Thank you Warren, yes, Sheoak is a beautiful wood with it's prominent medullary rays. I've made many boxes all for presents which have been eagerly accepted.


----------



## harrysin (Jan 15, 2007)

A big thank you to you all for taking the time to look and comment.


----------



## papawd (Jan 5, 2011)

Glad to hear the Defib is still Defibin & doing it's job


----------



## Al Robins (Jul 13, 2009)

Well done Harry, I endorse your comments of the Jarrah...its great to work with, BUT, the mess is unreal.....AL


----------



## N'awlins77 (Feb 25, 2011)

Amazing work there Harry!! What I wouldn't give to hang out with you one day in your shop and watch the master at work!!


----------



## curiousgeorge (Nov 6, 2006)

Another great job, Harry! I was just wondering... Does a defibrillator keep you from telling fibs????


----------



## harrysin (Jan 15, 2007)

N'awlins77 said:


> Amazing work there Harry!! What I wouldn't give to hang out with you one day in your shop and watch the master at work!!


There is a standing invitation Lee that any member visiting Western Australia is not only welcome to spend a day with us, but I would be upset if they didn't.


----------



## harrysin (Jan 15, 2007)

curiousgeorge said:


> Another great job, Harry! I was just wondering... Does a defibrillator keep you from telling fibs????

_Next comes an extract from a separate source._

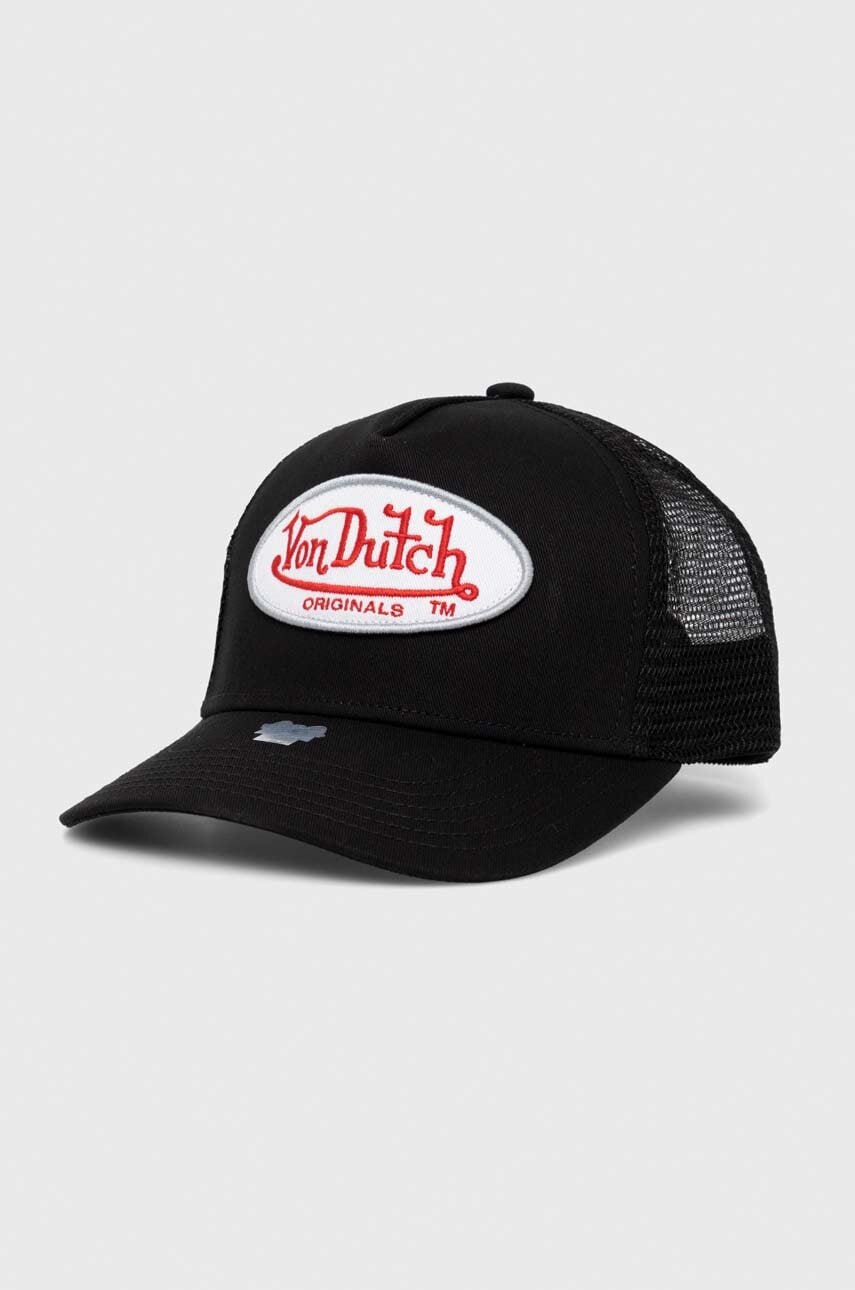 Von Dutch sapca culoarea negru, cu imprimeu Von Dutch sapca culoarea negru, cu imprimeu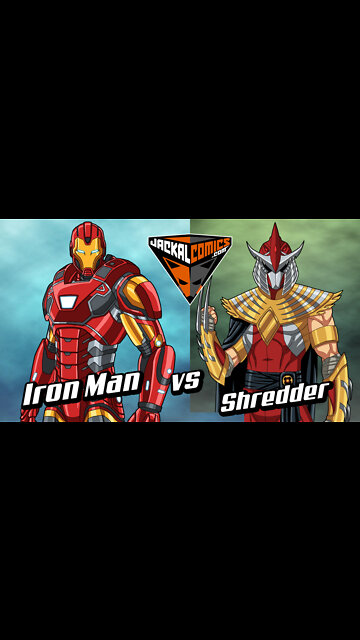IRON MAN Vs. SHREDDER - Comic Book Battles: Who Would Win In A Fight?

Good one George, but in fact it may be so, I have noticed that for about the last 18 months I've been behaving like George Washington!


----------



## vikingcraftsman (Mar 31, 2006)

Ok I just know you are in the shop turning more vases. So you are holding out on your viewers. I am checking around the house to make sure all stuff that might fly in the wind is secured.


----------



## Mike (Nov 22, 2004)

Harry? You are cutting down cherry trees?


----------